Рядом с Муржу жена лущила фасоль, а взрослый сын — овечий горох. Сноха Митра связывала початки кукурузы, которые нужно было повесить под навесом. «Дело дрянь, — думала она, — не выйдет из этого и пяти ок[33] муки, нет».
— Батька! — сказал сын, — и в эту зиму придется нам слюнки глотать, если не добудем чего-нибудь на равнине!
— О-о-ох, сынок, — добавила мать, — хоть бы с грехом пополам продержаться тем, что послал аллах; станут ли еще люди кормить нас? Горько, тяжко.
Муржу молчал, как всегда. Длинный, он почти доставал до сучьев высокой груши, стоявшей у гумна. Его босые ноги, ушедшие в мягкую мякину — черные, потрескавшиеся, грубые, как древесная кора, казались приросшими к земле.
— Мы трудились, дети, изо всех сил, но аллах этого не видит.
Потом, окинув беспомощным взглядом оголенные жнивья и все еще зеленые, свежие луга, отец прибавил:
— Сукновальня, и та молчит. Просто жить не хочется! Прежде было иначе. У людей была шерсть. Напрядут и идут сукно валять. Устраивались свадьбы, играли зурны и бубны, гудели волынки. Будь проклята война и все, что от нее — с той поры, как началось это немирное время, народ свету божьего не видит!
Он все стоял, неподвижный, полузарывшись в мякину.
Эмине, жена его, сын и сноха смотрели на него с удивлением. Обычно замкнутый и молчаливый, он вдруг заговорил! Да как!.. Неужели вид тощей ржи и мелкой кукурузы, которым было отдано столько человеческого труда, неожиданно взорвал его затаенную злобу? Жить не хочется! Вот главное, роковое. Не хочется жить в этом кровавом мире, где сильный захватил добро, счастье и радость, а бедноте оставил одни страдания.
— Будем же благодарны аллаху, что мы хоть живы и здоровы. Не так ли, Эмине?

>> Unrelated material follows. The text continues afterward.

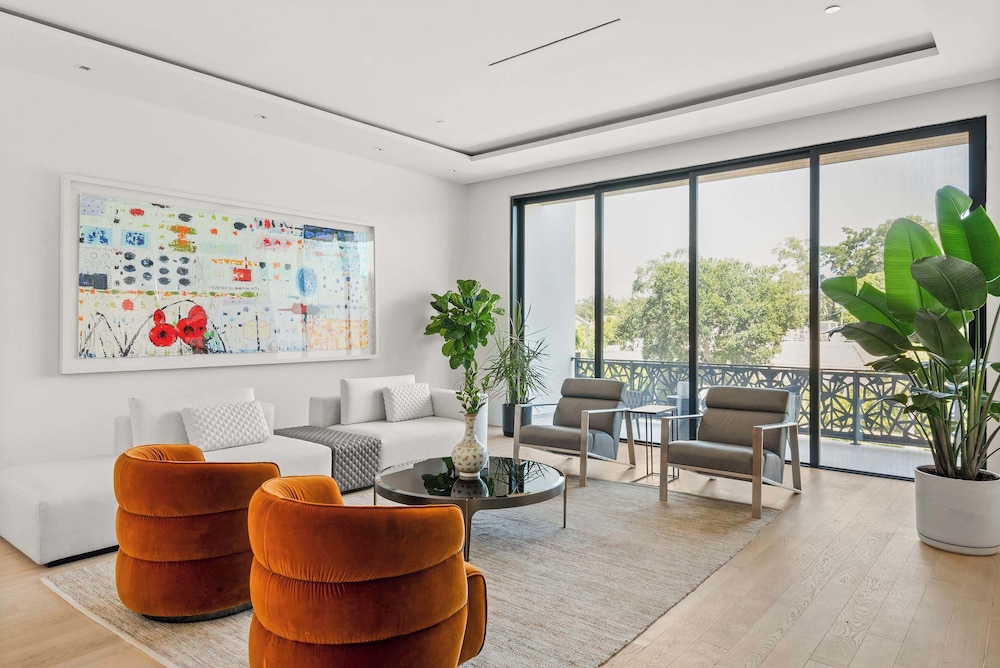 Lux Penthouse 4-story Stunner Rooftop Views, Billede 41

Старая Муржувица одобрительно кивнула головой; но сын бросил решето наземь и с сердцем пробурчал:
— Нельзя так, батька! Все аллах да аллах — до каких же пор? Какое дело твоему аллаху до того, ляжешь ты спать сытым или голодным?
— Сынок! — в изумлении возразила старуха. — Что ты говоришь?
Митра, сноха, прошла мимо и укоризненно молвила:
— Терпи! Известное дело, одни трудятся, а другие барствуют. Может, дойдет и наш черед!
— Наш-то черед, глупая? Когда он дойдет, мы будем вон там, на Волчьей горке!
Он указал рукой на кладбище, белевшее напротив, безмолвное, утонувшее в тени.
Муржу посмотрел на сына, но не сказал ничего.
Сноха отозвалась опять:
— Что пользы, когда много знаешь?
— Да, да, — кинул он недовольно. Затем, подняв решето и продолжая просеивать, сказал: — Так вот и подохнем все...
Муржу зашевелился. Он вытащил из мякины босые ноги и поплелся прочь от гумна. Шел он медленно, тяжелой походкой, как человек, вся жизнь которого протекла в рабском труде. Его потрескавшиеся пятки и черные, как земля, ступни отдирались от земли и вновь прилипали, словно нехватало сил оторвать их.